Ensuring that cyber security is on every board agenda is a good first step. Whether monitoring the efficacy of a plan or developing a new one, consider engaging external professional input which will bring a wider level of expertise than is found within most organisations. In addition, by scoping projects accurately, it is possible to reduce costs by only using services and products which are actually needed. Here are some further aspects to consider:

  • Penetration testing

Every security strategy should include regular penetration testing. Automated tests will identify vulnerabilities but may provide false reassurance. Unless those vulnerabilities are explored and exploited through rigorous penetration testing, it will not be possible to take appropriate steps to mitigate exposure.

  • Disaster recovery and business continuity

Although a properly scoped and managed security plan can provide a high degree of protection, given the value of the data and transactions, attacks are virtually inevitable. Planning for the best while preparing for the worst is therefore a good maxim to live by. Real business resilience is only achieved if there is a process for identifying, containing and mitigating the effects of a breach.

  • Retained forensics support

If a serious breach occurs then, in most cases, a retained forensics team will be brought in to investigate. If, however, a retained forensics consultant is already engaged and is familiar with a business system, they will be able to use their skill and expertise to provide pragmatic, strategic support at the highest level, reducing the level of risk in a period of comparative calm, before a crisis occurs. In the event of a breach, the retained forensics specialist will then be able to direct and manage the process of dealing with an incident, limiting the damage and returning the organisation to business as usual in the shortest possible timeframe.

  • ISO 27001 framework

One of the most effective strategies is to use a recognised framework to embed security into an organisation’s digital estate. The internationally recognised ISO 27001 standard provides such a framework. With the support of a qualified ISO 27001 consultant it is possible to implement a step-by-step plan for processes and procedures that improve risk posture and reduce the likelihood of a breach.Having ISO 27001 also provides customers, third parties and business partners with the reassurance that high standards are being maintained.

  • Virtual CISO service

The role of Chief Information Security Officer (CISO) is one of the most challenging, both to recruit and retain. In many instances it makes better sense to engage a professional CISO service to manage the security function of a business.

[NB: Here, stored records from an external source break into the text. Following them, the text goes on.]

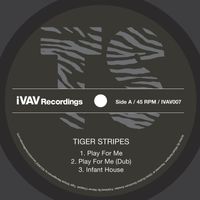 Tiger Stripes - Play for Me / Infant House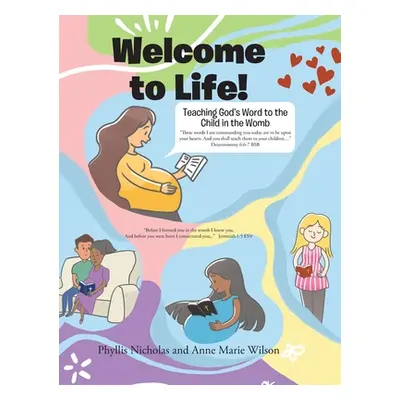 "Welcome to Life!: Teaching God's Word to the Child in the Womb" - "" ("Nicholas Phyllis")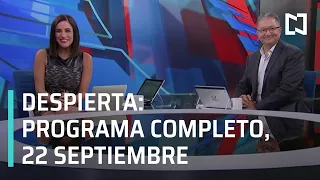 Despierta I Programa completo 22 de Septiembre 2020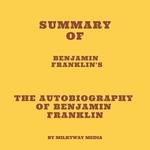 Summary of Benjamin Franklin's The Autobiography of Benjamin Franklin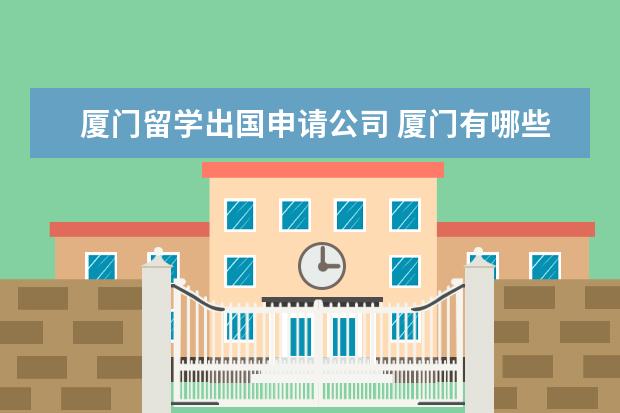 厦门留学出国申请公司 厦门有哪些比较好的出国留学中介?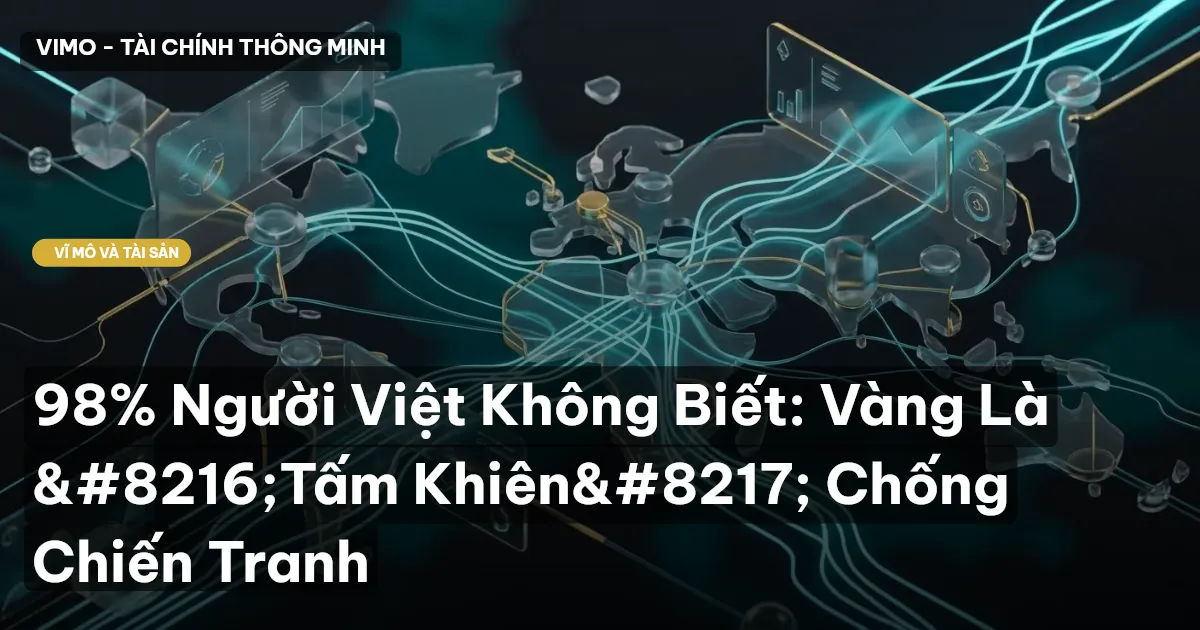 98% Người Việt Không Biết: Vàng Là 'Tấm Khiên' Chống Chiến Tranh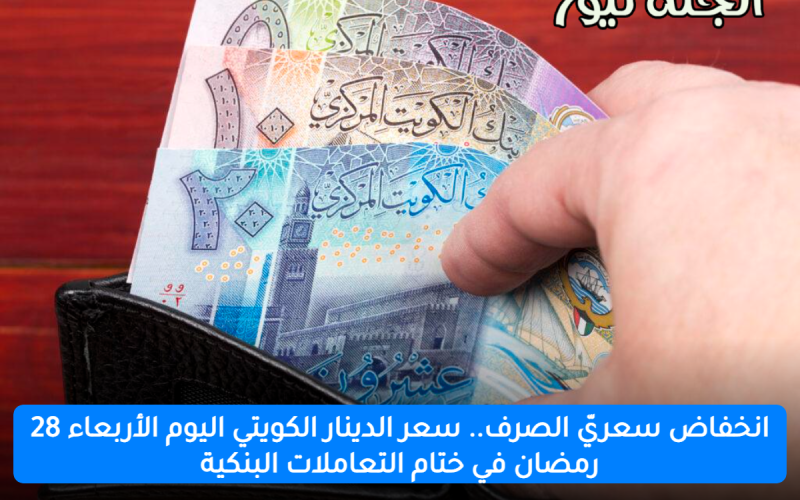 انخفاض سعريّ الصرف.. سعر الدينار الكويتي اليوم الأربعاء 28 رمضان في ختام التعاملات البنكية
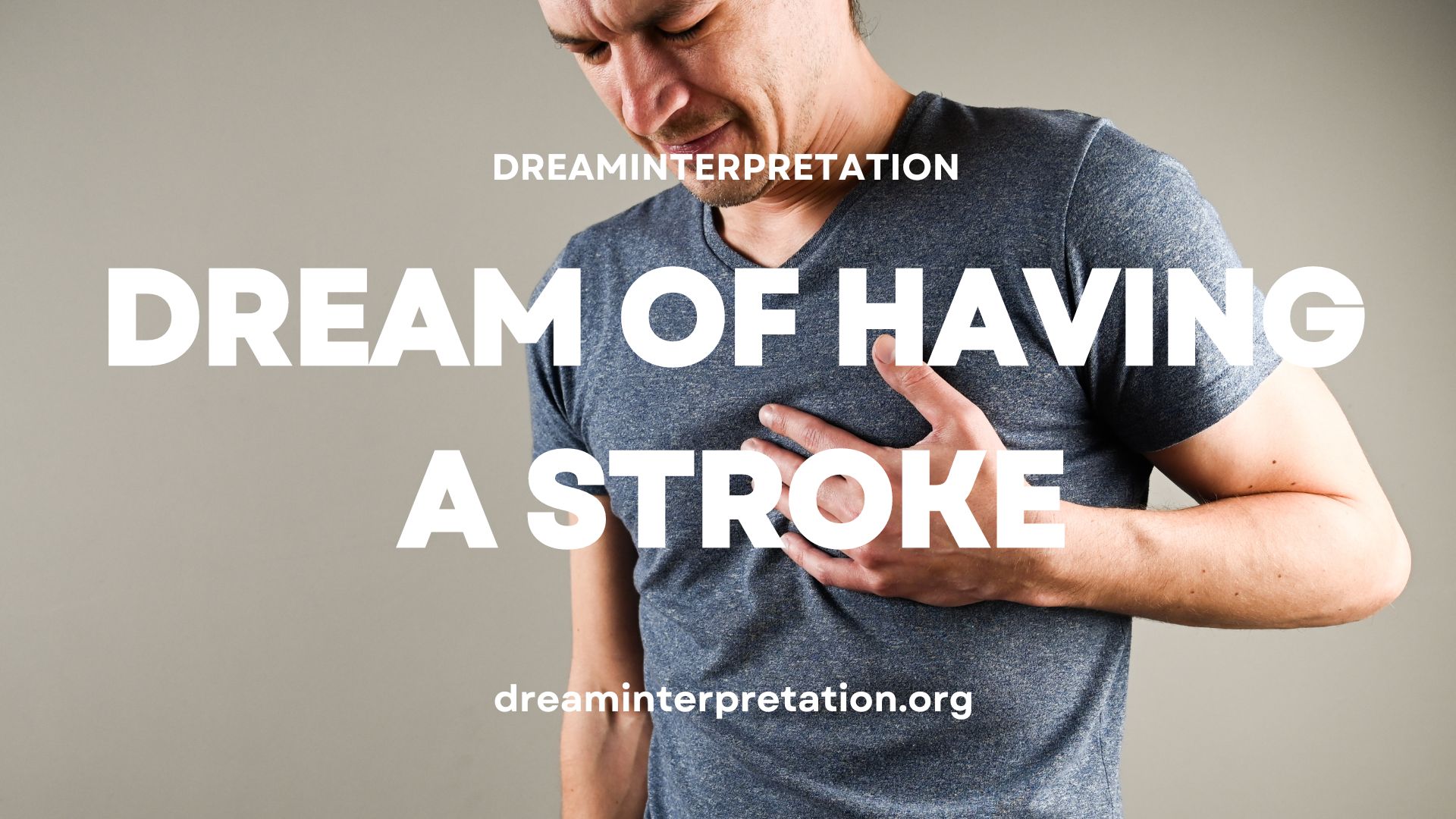 Dream Of Having A Stroke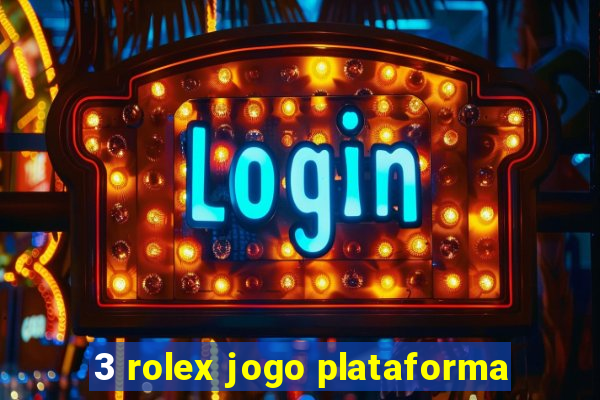 3 rolex jogo plataforma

A Virtual CISO service can cost around a third of a retained member of staff while delivering a superior level of expertise and service. Directed and executed by real industry experts, this service can provide additional support and resource, ensuring that the incumbent officer receives strategic professional guidance in a rapidly changing cyber environment.

There is no reward without risk

The Fintech revolution is well underway and, along with all other digital and technological advancements, will continue into the future. The threat of increased cyber attacks will not stop new entrants from joining the market – and nor should it. Yet, it is crucial that businesses do all they can to avoid compromise, both for their own survival and to ensure the safety of their customer data. Built on strong information security foundations the future remains bright for the Fintech sector.